Barry Jenkins y su equipo se llevaron otra larga ovación tras la proyección. Es difícil no ver a If Beale Street Could Talk como una de las favoritas del festival canadiense.
Climax (Gaspar Noé)
En el Festival Internacional de Cine de Toronto existe una programación llamada Midnight Madness. Son sesiones nocturnas con películas para pasar un buen rato: cosas cercanas a lo gore y serie b, aunque también se pueden encontrar películas de acción o cine alejado de lo estándar. Todos sabíamos que el nuevo trabajo de Gaspar Noé encajaría perfectamente en ese ambiente, y así fue. Entré a ver Climax a las 00 de la noche y salí a la 1:35 la de madrugada con la sensación de haber vivido una pesadilla lúcida. Todavía sigo con resaca y, a la vez, algo de miedo.
El director francés que nos superó con Enter the Void (2009) nos vuelve a dejar en shock. La premisa es bien sencilla: a mediados de los años 90, un grupo de 20 jóvenes bailarines se apuntan a un ensayo intensivo de varios días con una coreógrafa reconocida. Al acabar el curso, lo celebran con una fiesta privada y, poco a poco, empiezan a perder el control. Cuando se dan cuenta de que alguien ha puesto droga en las bebidas, ya es demasiado tarde. Sus cuerpos no responden y sus mentes han entrado en un túnel sensorial tan disfrutable como peligroso.

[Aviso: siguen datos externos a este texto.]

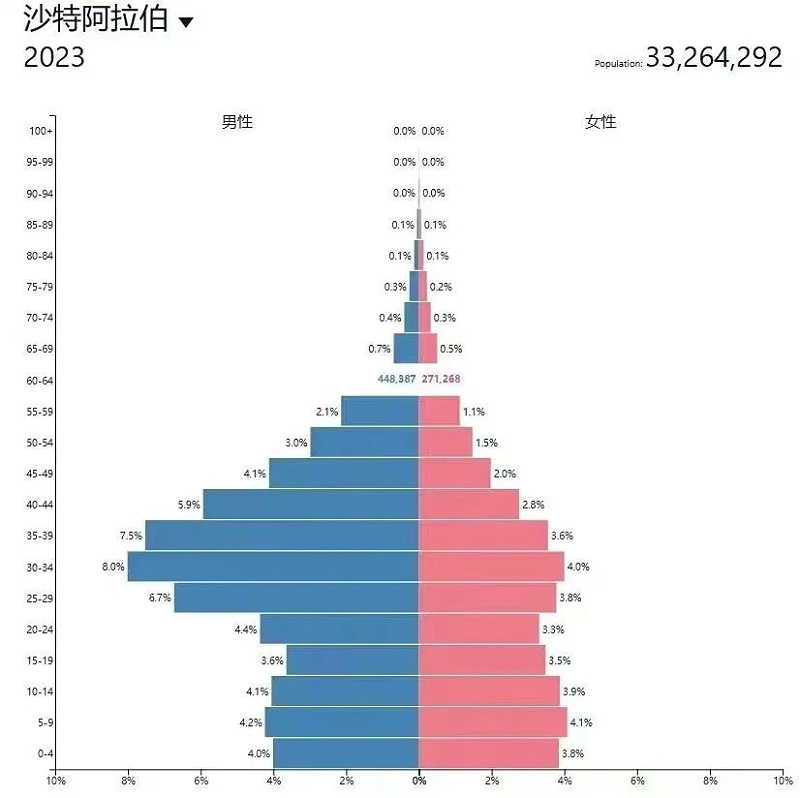 中東外貿(mào)出口10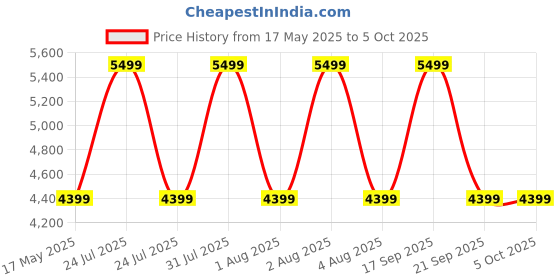 myntra.com Vizzano PU Block Mules with Bows vizzano Price History Graph from 17 May 2025 to 5 Oct 2025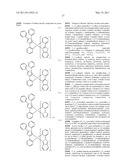 Electroluminescent Metal Complexes with Nucleophilic Carbene Ligands diagram and image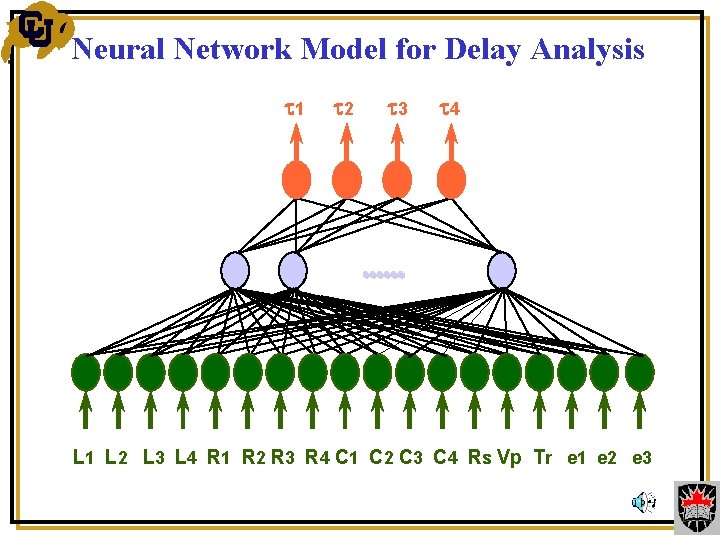 Neural Network Model for Delay Analysis 1 2 3 4 …. . . L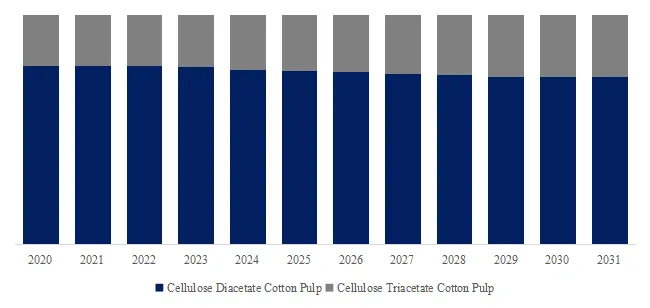 Cellulose Acetate Cotton Pulp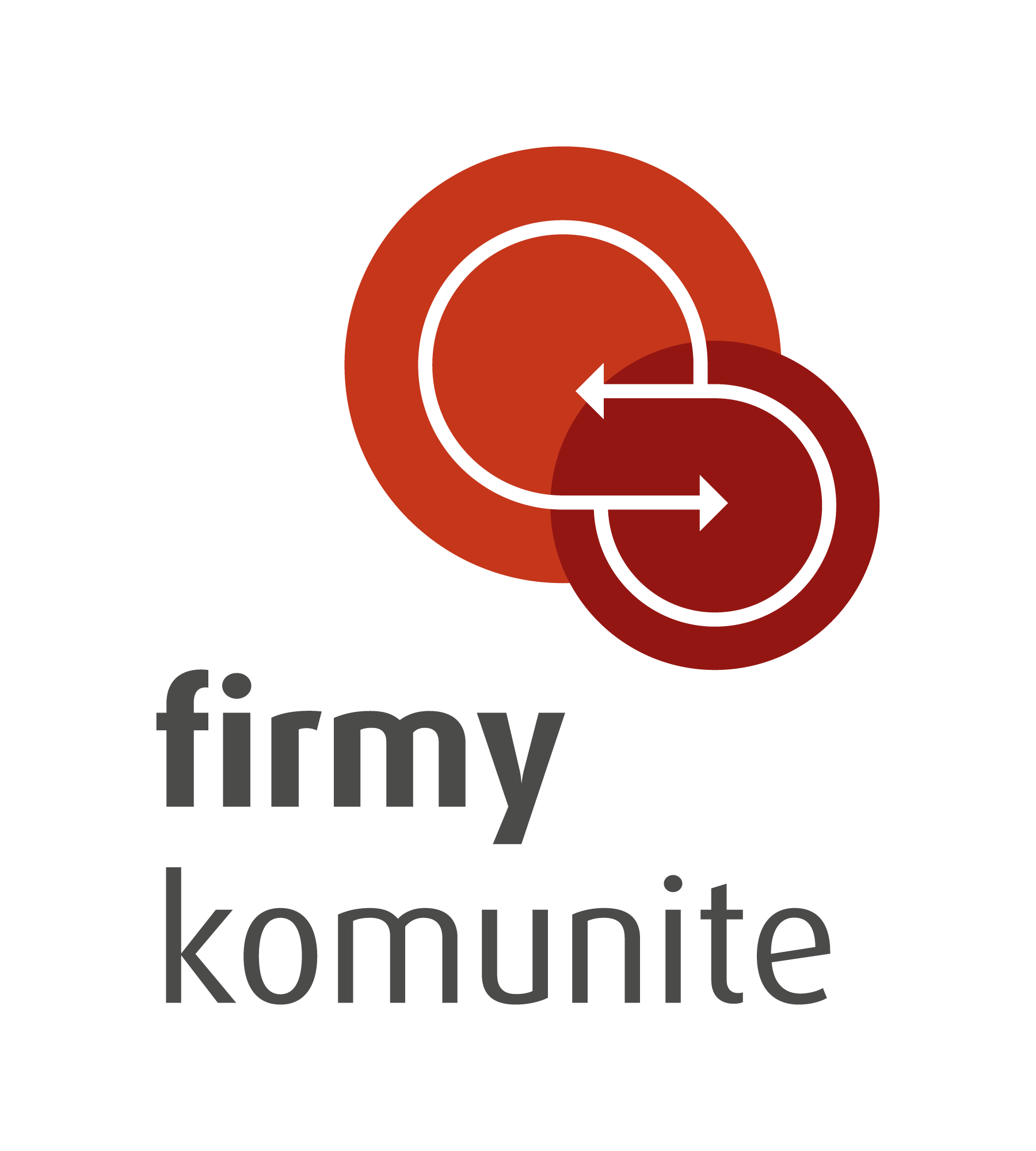 Firmy komunite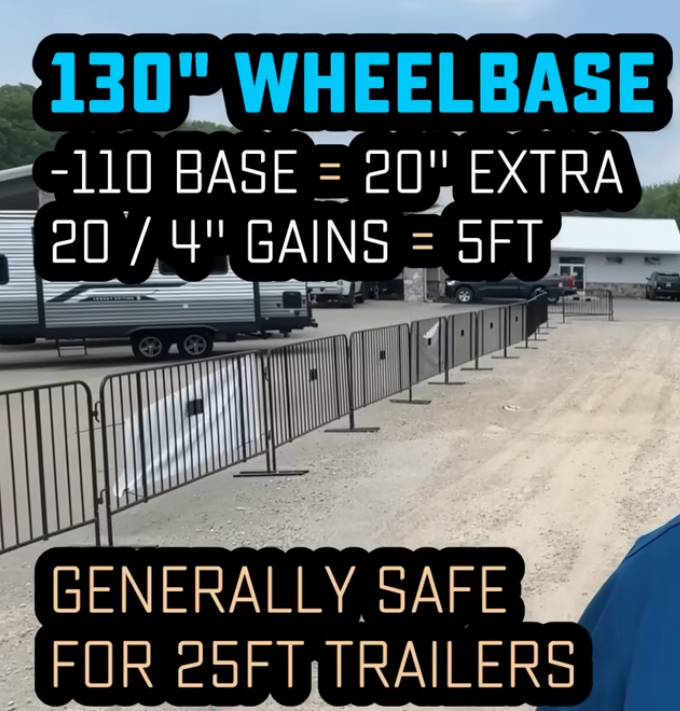 Graphic explaining 130-inch truck wheelbase with text overlay showing wheelbase math and towing guidance, noting it is generally safe for towing 25-foot travel trailers at an RV dealership lot.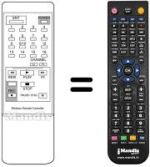 Comandos à distância equivalente VCR 55
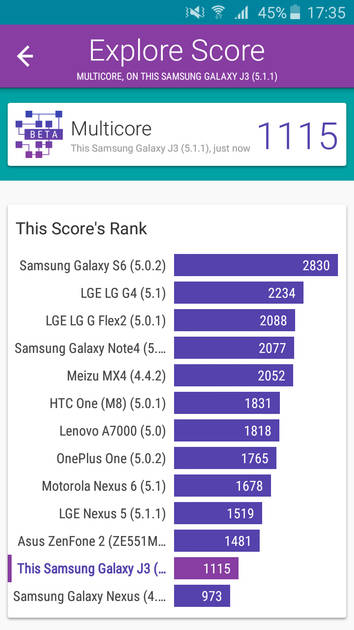 Benchmarks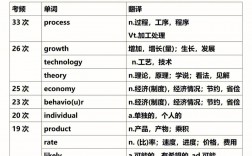 考研考英語(yǔ)二的專業(yè)(考研最冷門的逢考必過(guò)的專業(yè))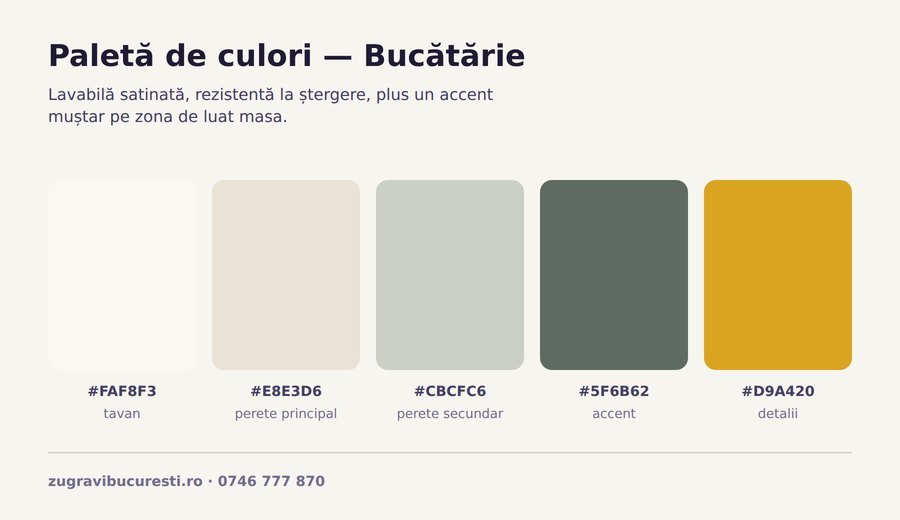 Paletă de culori pentru bucătărie: cinci nuanțe cu rolul fiecăreia pe perete, tavan și accent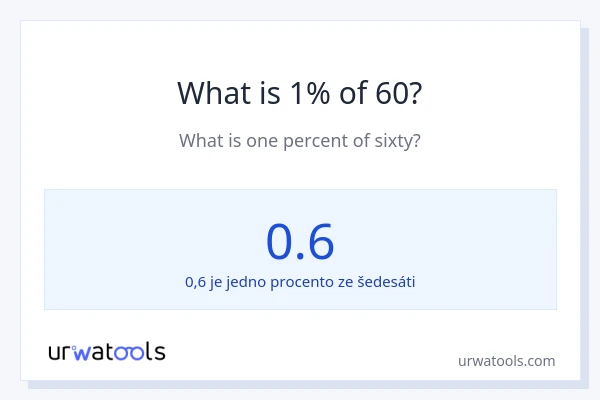 Kolik je 1 % z 60?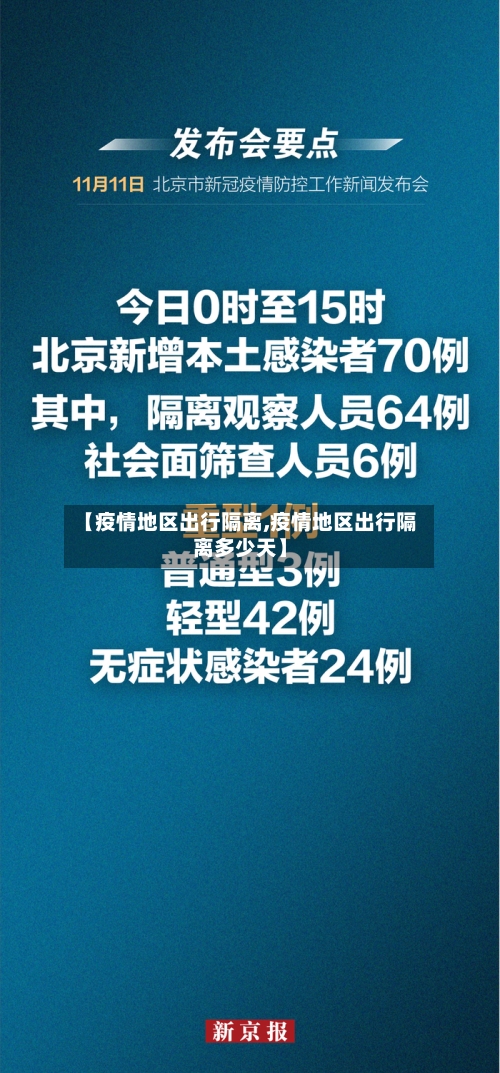 【疫情地区出行隔离,疫情地区出行隔离多少天】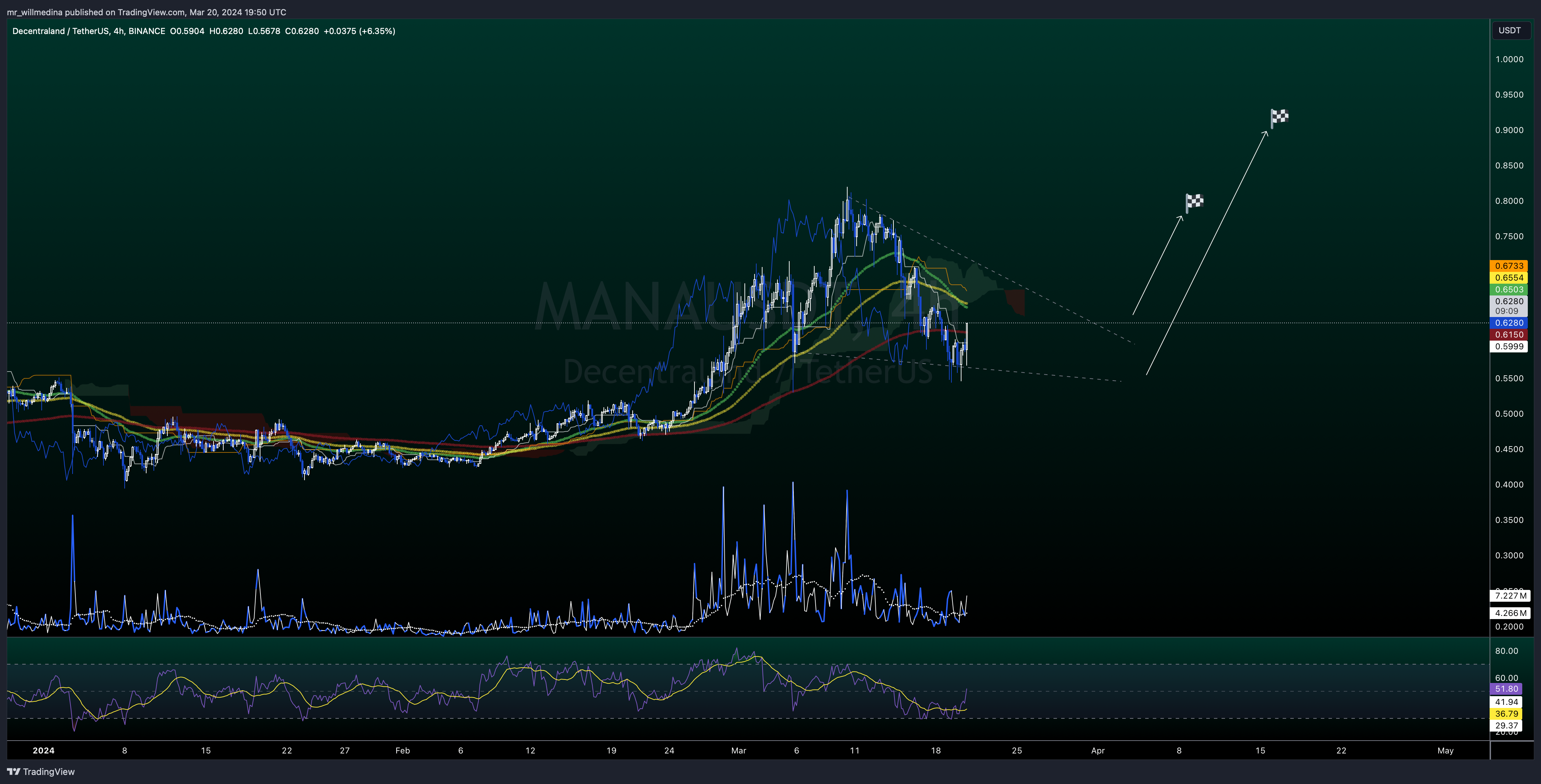 BINANCE:MANAUSDT Chart Image by mr_willmedina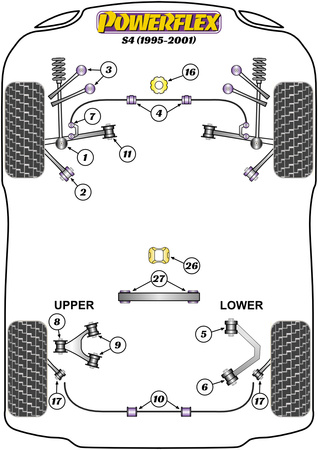 Tuleja stabilizatora przód 27mm Powerflex Road Series Audi A4 / S4 / RS4 & A4 / S4 / RS4 B5 (1995-2001)\S4 (1995-2001) PFF3-204-27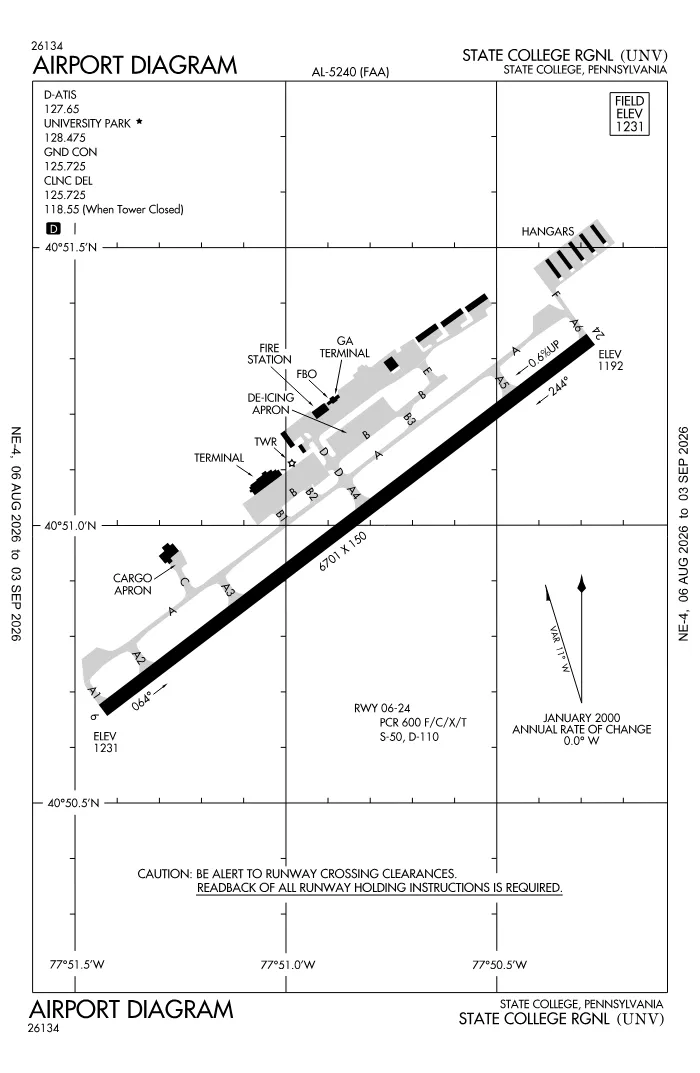 FAA airport diagram for State College Regional Airport (KUNV), showing runways and taxiways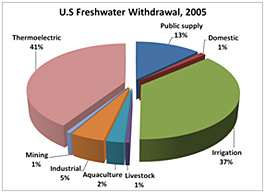 U.S. Freshwater Withdrawal 2005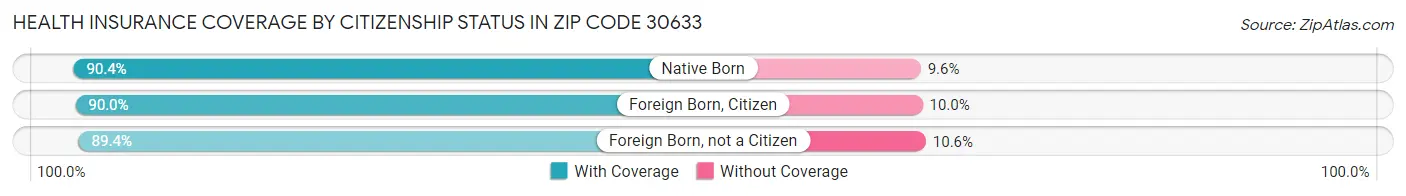 Health Insurance Coverage by Citizenship Status in Zip Code 30633
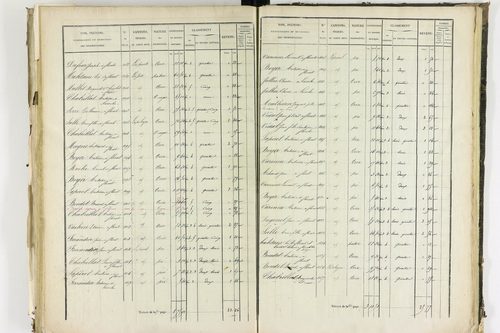Apchat - P 11214/3      Section C
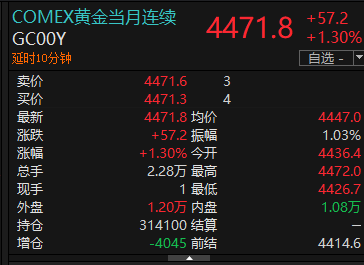 黄金站上4400美元，桥水发声……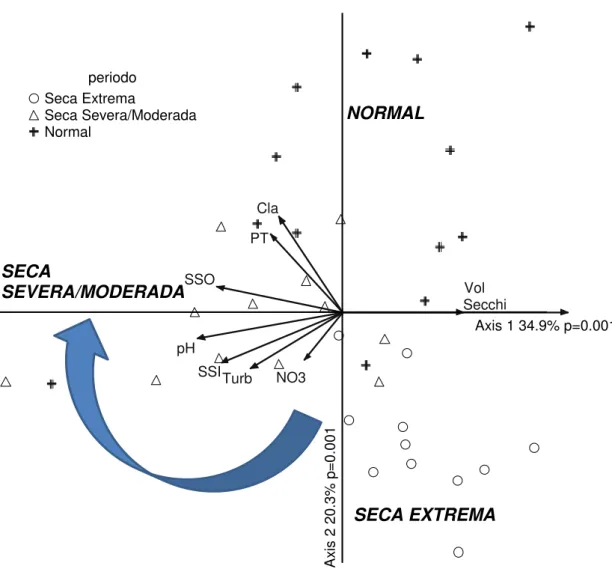 Figura 8: Análise de componentes Principais (ACP) de variáveis limnológicas no reservatório  Cruzeta, durante o período compreendido de julho de 2012 a julho de 2015
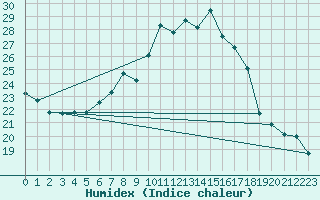 Courbe de l'humidex pour Oravita
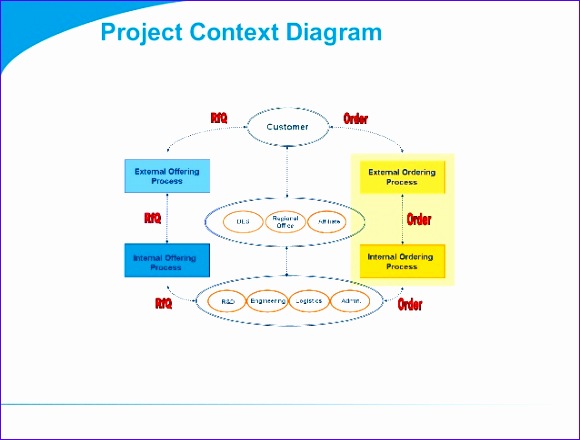 togaf 9 template project context diagram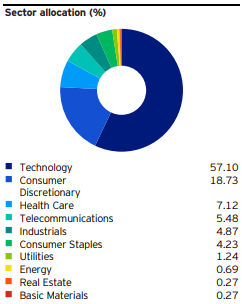 Asignación por sector de un ETF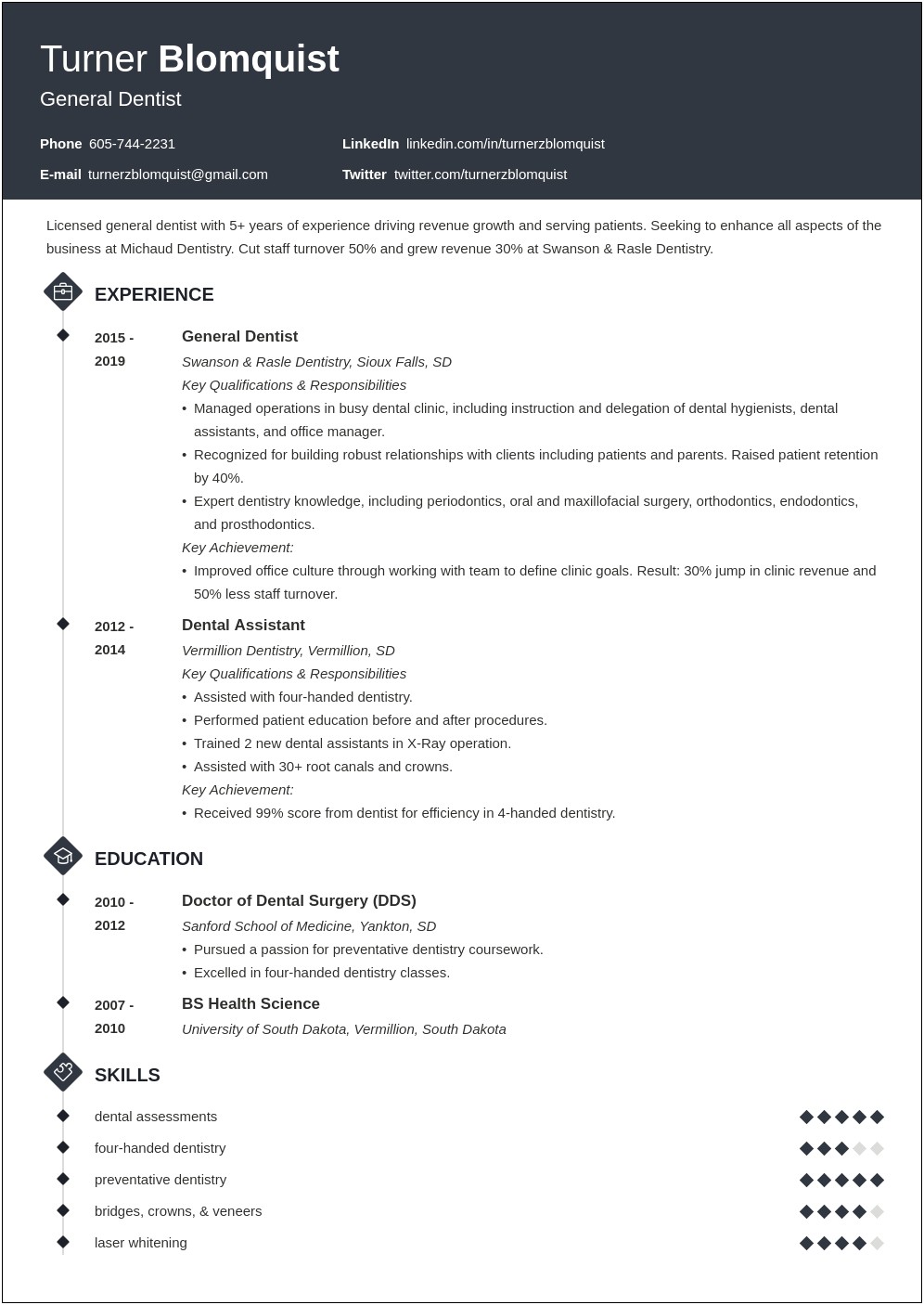 Example Of Resume References For Dental Hygienist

La primera escena de Climax son una serie de entrevistas a todos y cada uno de los bailarines, lo que permite que conozcamos un poco sus inquietudes y sus miedos, sentimientos que se desarrollarán más adelante. Si algo marca bien el tono y el estilo, sin embargo, es la escena posterior: un baile noventero en un largo plano secuencia al ritmo de Supernature, de Cerrone. Gaspar Noé consigue mover la cámara lo justo y necesario para hipnotizar con el movimiento interno, logrando que acabemos observando la pantalla sin pestañear y con la boca abierta, meneando el cuello y las piernas inconscientemente.
Tras ese momento de disfrute, la fiesta se empieza a transformar, poco a poco, en un viaje a los infiernos. Es un cambio gradual pero imparable que nos fuerza a preguntarnos, en cada escalón, qué puede ocurrir después. Las situaciones comienzan a ser más caóticas, más demenciales, mientras la cámara persiste en secuencia bailando con un personaje y otro, la música retumbando sin pausa y la iluminación retratando más y más la peor pesadilla. Y no para. La experiencia sigue avanzando con el puro descontrol del cuerpo, las paranoias de mentes trastornadas. Y sigue sin parar, in crescendo. Y llega el clímax de Climax: la cámara emprende viajes a mundos que desconocemos, girando sobre su eje para poner el universo del revés, entre gritos y auxilios, evocando lo más parecido al averno.